Ransomware taps vulnerable driver to kill security software

News by Chandu Gopalakrishnan

Ransomware operators have started using legitimate, digitally signed hardware drivers to delete security products from targeted computers

Ransomware operators have started using legitimate, digitally signed hardware drivers to delete security products from targeted computers, reports Sophos.

A probe into two different ransomware attacks showed that attackers deployed a legitimate hardware driver to delete security products from the computers before encrypting files, said a Sophos report by researchers Andrew Brandt and Mark Loman.

The signed driver is part of a redundant software package issued by Taiwan-based motherboard manufacturer Gigabyte, which had a vulnerability disclosed in 2018. Even though the company discontinued issuing the vulnerable driver, it still exists in devices, posing a security threat, said the report.

What makes this particular attack different from other ransomware campaigns is the way the attackers brought this vulnerable driver to bear in the attack kill-chain, Brandt, principal security researcher at Sophos, told SC Media UK.

“This was the first time we’ve seen this gdrv.sys driver used to enable a malware attack, but it isn’t the first time the driver has been used to bypass protection measures on a Windows computer,” he said. 

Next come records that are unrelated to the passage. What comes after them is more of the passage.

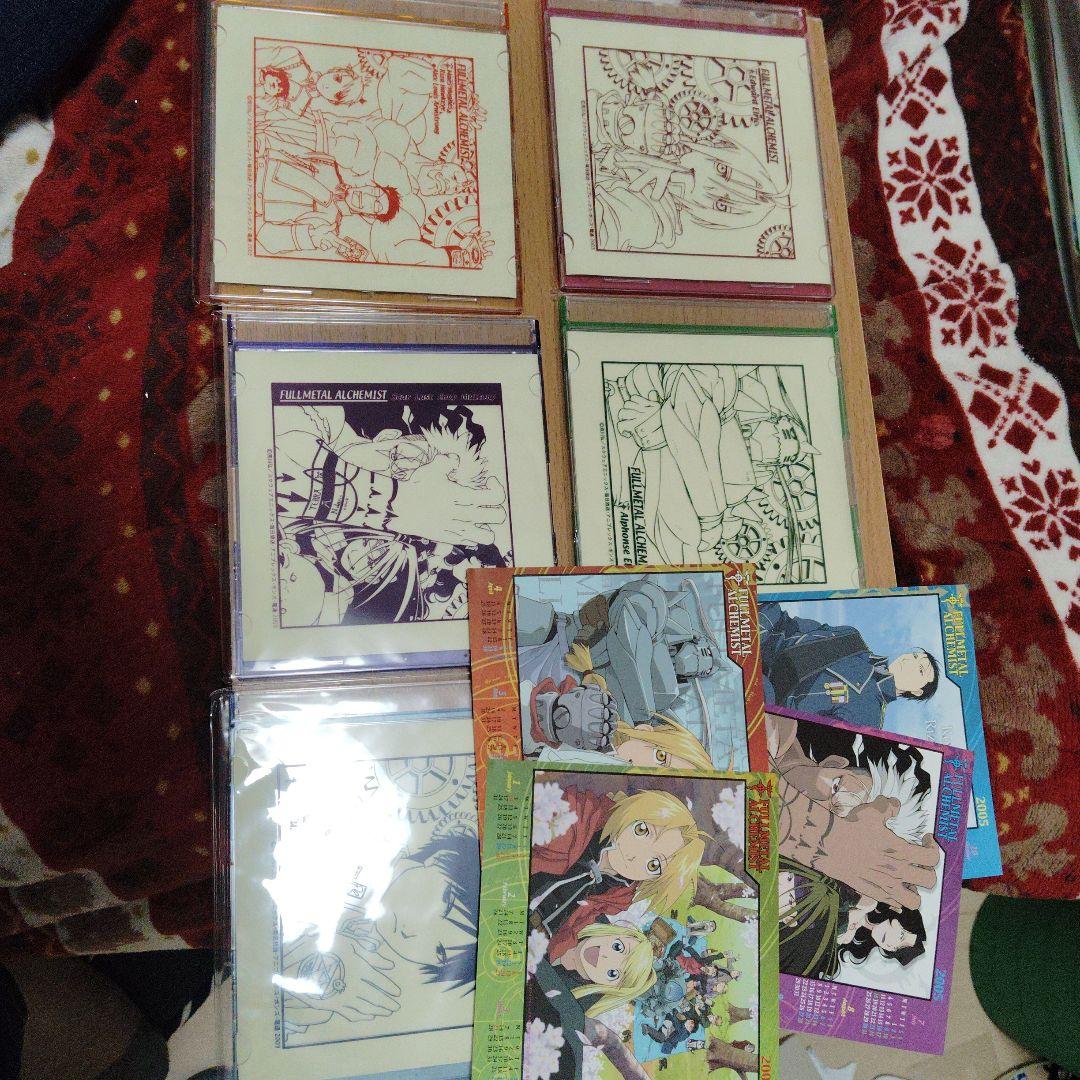 希少　 鋼の錬金術師　CDケースセット　2003年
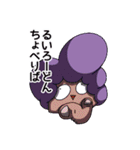 お前らがやったスタンプ（個別スタンプ：1）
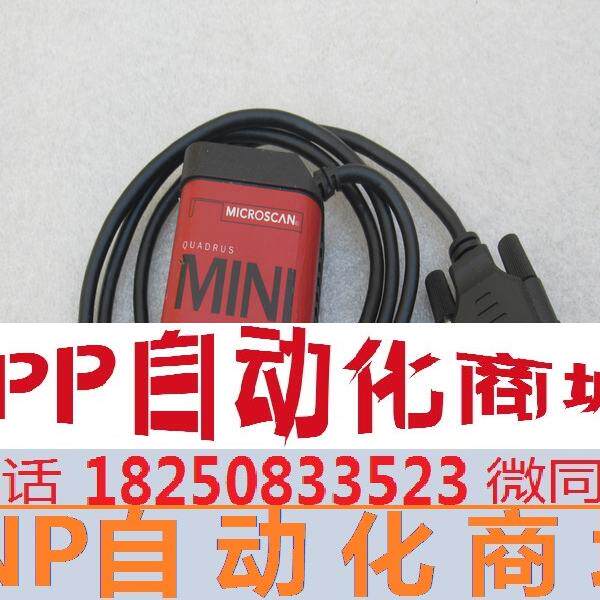 *迈思肯microscan条码扫描器 fis-6300-0001g 现货询价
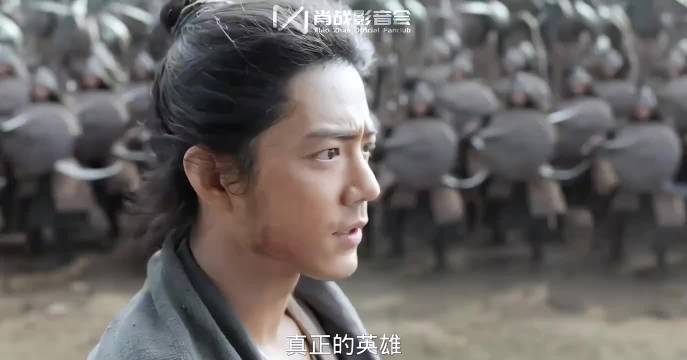 肖战诠释郭靖侠之大者，经典角色焕发新生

“For instance, in the course of this investigation we found that there are several versions of at least one tool designed to help people cheat at the online game PUBG (PlayerUnknown’s Battlegrounds) that deploy the identical Gigabyte driver file, presumably to get around anti-cheating mechanisms installed alongside the game. This strengthens the argument that there’s an increasingly narrow distinction between developers of online game cheating tools and people who create novel malware kill chains,” he explained.

The specific Gigabyte driver file found in the attack is not the sole file capable of doing this, noted Brandt. 

“There are commercially-produced drivers for a variety of products for which there have already been CVEs issued that are also capable of performing the same role as gdrv.sys but we haven’t seen them used.”

Sophos has not attributed this particular attack to any threat group.

Brandt suggests a three-point defence plan to mitigate the risk of this attack:

1. Use threat protection that disrupts the whole attack chain. With ransomware attacks using multiple techniques and tactics, focusing the defence on a single technology leaves the target vulnerable. Instead, a range of technologies should be deployed to disrupt as many stages in the attack as possible. The public cloud should be integrated into the target’s security strategy.

2. Implementing strong security practices, including multi-factor authentication (MFA), complex passwords managed through a password manager, limited access rights with proper oversight, offsite and offline backups, locking down the RDP. Enabling tamper protection is also important, as ransomware strains attempt to disable endpoint protection, and tamper protection is designed to prevent this.

3. Continuous and updated staff training: People are invariably the weakest link in cyber-security, and cyber-criminals are experts at exploiting normal human behaviours for nefarious gain. Continuous investment and updating is necessary in staff training.